A Novel Method for Pricing SPY Options via Brownian Motion and Black-Scholes Equations
Where the CFR attempts to provide novel methodologies for empirical asset pricing, the formulation of a method for pricing American options naturally arises as a goal.
This methodology is predicated on collecting historical data, and then using this data for simulating potential price paths for the underlying stock. Each path is randomly assigned a mean and prices are simulated for 100 days beginning April 20th and ending July 28th.
After the paths are simulated, we prune them every 10 days, removing the paths with the greatest average distance from the actual path; this ensures that the paths we use to calculate the price of the option are as accurate as we can make them.
For this strategy we will use the call option with the lowest strike price and/or put option with the highest strike price.
Our first example will be a strike price of $150 with an expiry of June 20th, 2025. The actual price of the option is $402.65.
Let's see how close we can get.
We therefore begin by loading the necessary packages.
if (!require(quantmod)) install.packages("quantmod")
if (!require(TTR)) install.packages("TTR")
if (!require(ggplot2)) install.packages("ggplot2")
if (!require(pracma)) install.packages("pracma")
library(quantmod)
library(TTR)
library(ggplot2)
library(pracma)
After this, we enter the code to collect the historical data for SPY; here we are selecting the most recent data.
stock_symbol <- "SPY"
start_date <- "2024-03-01"
end_date <- Sys.Date()
getSymbols(stock_symbol, src = "yahoo", from = start_date, to = end_date)
Next, we subset our data and set the date for simulating the price paths. To calculate the returns, we use the closing prices for consecutive days; to calculate volatility, we use 20-day rolling standard deviation. The data for the simulated price paths begin collecting data at the date set forth earlier (2024-03-01) and the data collection ends 90 days before the current date.
simulation_data_end_date <- as.Date(end(SPY)) - 90
SPY_subset <- SPY[index(SPY) <= simulation_data_end_date]
SPY_returns <- dailyReturn(Cl(SPY_subset))
SPY_volatility <- runSD(SPY_returns, n = 20)
Next, we set the parameters for our simulated paths:
mu <- mean(SPY_returns, na.rm = TRUE)
sigma <- sd(SPY_returns, na.rm = TRUE)
S0 <- as.numeric(Cl(SPY_subset)[length(Cl(SPY_subset))])
After this, we enter the code to set the terms for simulating each of the future price paths.
# Function to simulate future prices
simulate_prices <- function(start_price, mu, sigma, n, seed) {
set.seed(seed)
random_returns <- rnorm(n, mean = mu, sd = sigma)
future_prices <- numeric(n)
future_prices[1] <- start_price
for (i in 2:n) {
future_prices[i] <- future_prices[i - 1] * exp(random_returns[i - 1])
}
return(future_prices)
}
Our next step is to enter the code for simulating the prices for each day of each path; we will simulate 100 paths and 100 days for each path.
# Simulate prices for each path
n <- 100 # Number of simulation days
simulated_prices_list <- lapply(1:100, function(i) {
simulate_prices(S0, mu, sigma, n, seed = i)
})
Continuing, our simulated paths begin 90 days before present (in late April), and end 100 days later, near the end of July.
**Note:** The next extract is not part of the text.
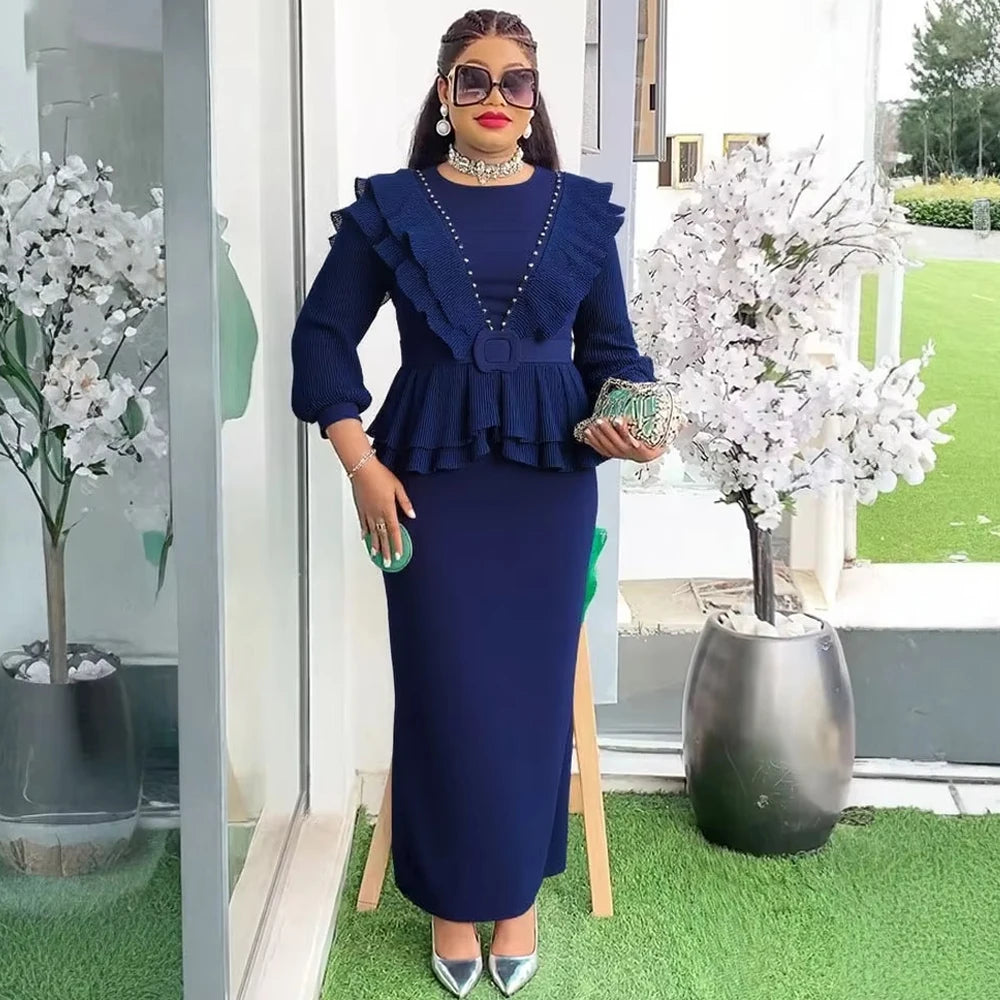 Party Evening Elegant Dresses For Women Luxury Celebrate Pleated Robes African Turkey Birthday Gown Wedding Prom Ladies Clothing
S0 is the price of the underlying asset on the date before the simulated paths begin.
# Calculate the new start date for the simulation (90 days before the end of SPY data)
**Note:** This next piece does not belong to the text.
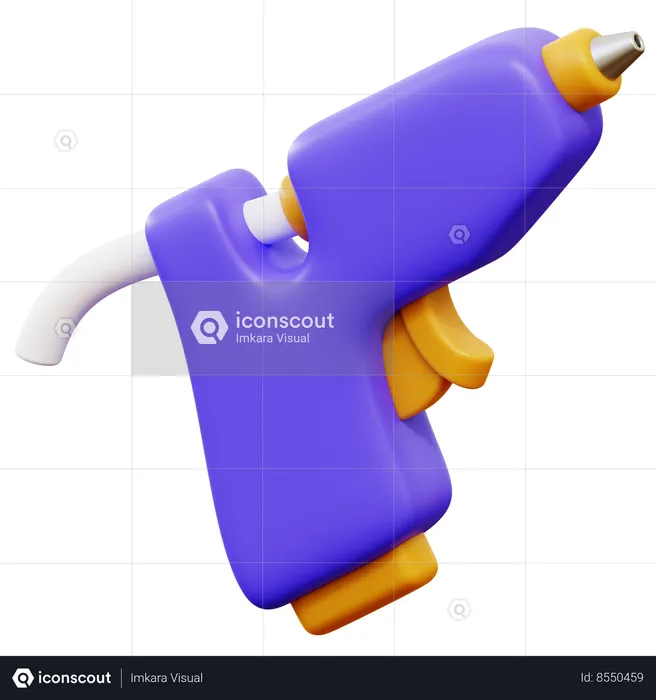 Glue gun  3D Icon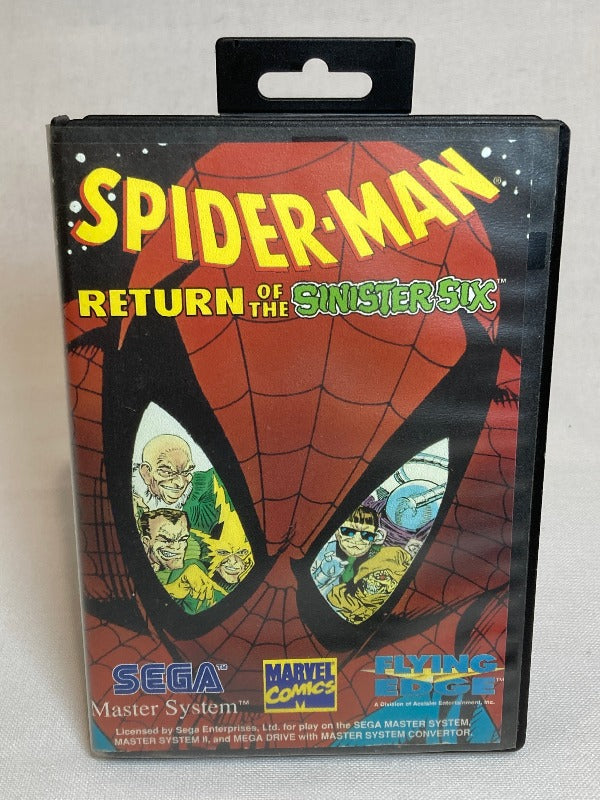 Game | Sega Master System | Spiderman Return Of The Sinister Six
simulation_start_date <- as.Date(end(SPY)) - 90
After this, we create a data frame that allows us to plot the price paths.
# Convert the historical and simulated prices to a data frame for plotting
historical_prices_df <- data.frame(
Date = index(SPY),
Price = as.numeric(Cl(SPY)),
Path = "Historical"
)
The 100 paths are then simulated:
# Create simulated prices data frames with the new start date
simulated_prices_dfs <- lapply(seq_along(simulated_prices_list), function(i) {
data.frame(
Date = seq.Date(from = simulation_start_date + 1, by = "days", length.out = n),
Price = simulated_prices_list[[i]],
Path = paste0("Path ", i)
)
})
# Combine historical and simulated data for plotting
combined_df <- rbind(
historical_prices_df,
do.call(rbind, simulated_prices_dfs)
)
We can now calculate the average distance of each simulated path from the actual path.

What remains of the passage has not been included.